Caveat: en es ko

Well, it took me more than six months to get around to it, but over this past weekend I finally resurrected my Linux desktop. I had managed to break it while trying to expand the size of the linux OS partition on my hard drive, and had been too lazy to go in and rescue all the old files and resurrect it. Instead, all this time have been unhappily limping along with the Windows 7 “Korea” edition that was native to my home desktop PC. I guess from a day-to-day “surf the internet” functionality, it was fine, but lately I’ve been wanting to get back to doing something more productive with some programming (er…  really just hacking around with things) in support of my moribund geofiction hobby. As such, having a functional Ubuntu Linux desktop is pretty much indispensable.
In fact, once I’d backed up all my files to an external drive, which was merely tedious, the re-install was mostly painless. As before, the most painful thing for me with Linux is language and keyboard support issues. I cannot function, now, without having Korean and Spanish language keyboard options – I still do some writing in Spanish, of course, and although my Korean remains lousy in qualitative terms, it’s nevertheless a ubiquitous aspect of my daily existence, and being able to type it comfortably is essential.
Each time I try to get the Korean keyboard and language options to work on a Linux install, it goes differently. It feels like a kind of hit-or-miss affair, where I keep trying various gadgets and settings in all possible combinations until I get one that works. This inevitable confusion was not helped by the fact that unlike last time, where I used Ubuntu’s native “Unity” desktop, I opted this time to try the so-called Cinnamon desktop (part of the “Mint” distro, a fork of Ubuntu). This was because I’d heard that Unity was not much longer for this world, and that Canonical (the creators of Ubuntu) intended to go out of the desktop-making biz.
Linux (at least these Ubuntu distros) make a distinction between “language setting” (which is fundamentally useless for controlling how the system reads the keyboard, as far as I can tell) and “input method” – which is what you need.
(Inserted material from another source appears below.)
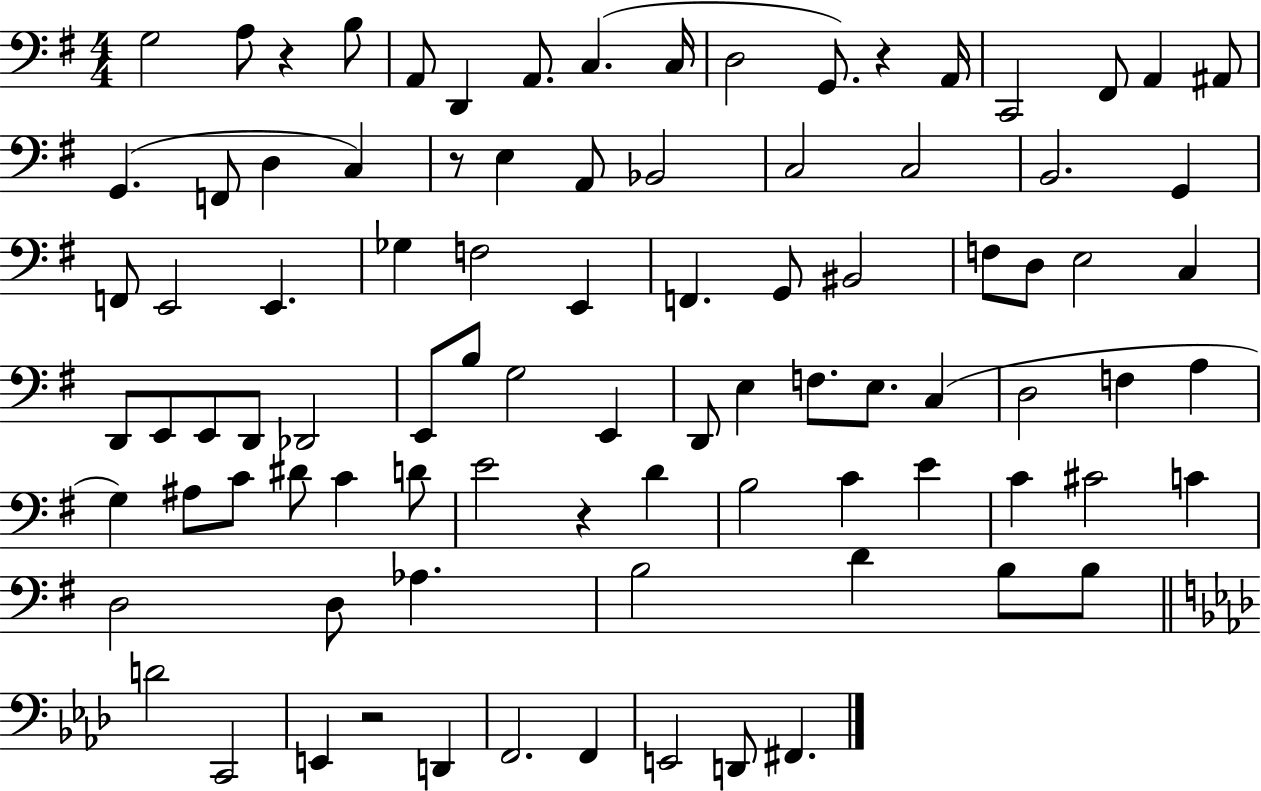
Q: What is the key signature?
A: G major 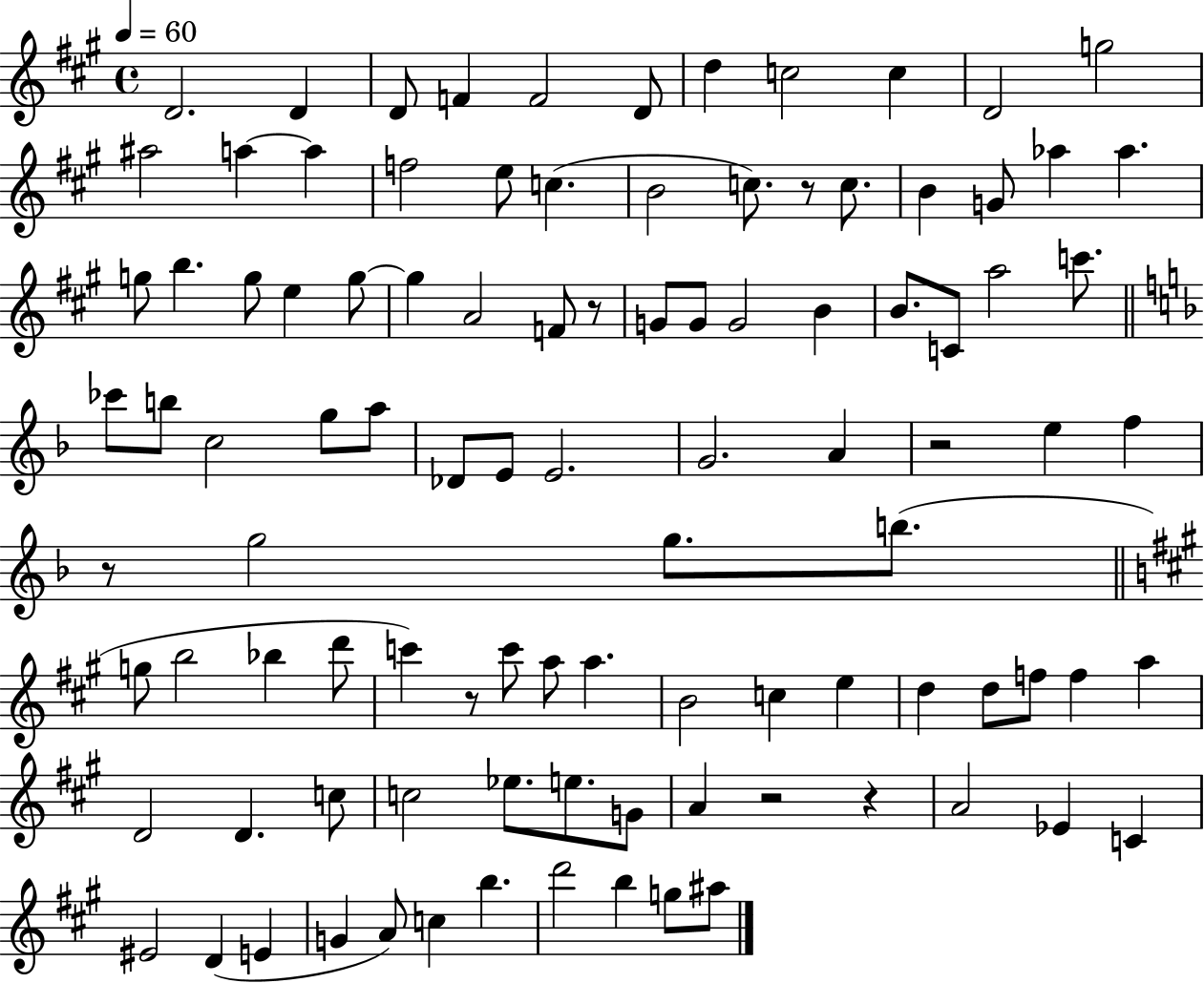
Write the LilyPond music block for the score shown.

But these two subsystems don’t seem to talk to each other very well.
The peculiar result I achieved after a few hours of dinking around, this time, is possibly unique in the entire world. I have my Ubuntu 16.04 with Cinnamon desktop, where the “system language” is English, the “regionalization” is Korean, the “keyboard” is Spanish, and the “input method” is Korean. This is pretty weird, because my physical keyboard is, of course, Korean. So for my regular day-to-day typing, the keys (except the letters proper) don’t match, since all the diacritics and symbols and such are arranged quite differently on a Spanish keyboard. But I’ve always been adept at touch typing, and I know the Spanish layout mostly by heart. Then when I want to type Korean, I hit the “hangul” key (which the “Spanish keyboard” can’t “see” since Spanish keyboards don’t have “hangul” keys) and that triggers the Korean part of the IBus input widget, and I can type Korean. It sounds bizarre, but it’s the most comfortable arrangement of keyboard settings I’ve ever managed, since there’s never any need to use a “super” shortcut of some kind to toggle between languages – they’re all running more-or-less on top of each other in a big jumble instead of being segregated out.
I hate to say it, but I didn’t take notes as to how I got here – so I can’t even tell you. I just kept trying different combinations of settings until one worked. I messed with the “Language Support”, the “IBus Preferences”, the “Keyboard” (under “System Settings), and the System Tray.
Anyway, I took a screenshot of my system tray, where you can see the whole resultant mess in a single summary snapshot.
picture
I now have a full-fledged Mediawiki instance up-and-running on the desktop (you can visualize a sort of “empty” wikipedia – all the software, but no information added into it). I’ve even configured the OGF-customized “slippy map” embeds for it (I managed that once on this here blog, too). I’m currently trying to get a PostgreSQL database instance working – MySQL is running but PostgreSQL has better GIS support, which is something I’m interested in having.
So there, you see a sometime hobby of mine, in action once again after a sort of winter hibernation, I guess.
picture[daily log: walking, 7km]

One comment

  1. David

    Congratulations on your successful restoration (and apparent improvement) of your previous system! We all know how foreboding such tasks are.
    But what’s wrong with a “super” shortcut for toggling between keyboard languages? On my system setup, I can type along and then simply hit command-space (once) to toggle to the last keyboard setting I used or (several times) to switch to some other keyboard setting of the ones I’ve activated on my system (in my case, German, Russian, Japanese and US).
    The only problem I have with my international setup (preferred system language — US English, regionalization — US with some German-like customizations, keyboard — German, input method — selectable) is that some (US-centric) software seems to have its own input APIs rather than relying on the OS, particularly as regards keyboard shortcuts. As a result, in that particular software I have to use menu commands / mouse action for some common actions rather than simple shortcuts. Luckily for me, the software with those quirks is not software that I use often. Perhaps it’s just software vendors giving us reason to want to pay them money for updates we otherwise don’t need.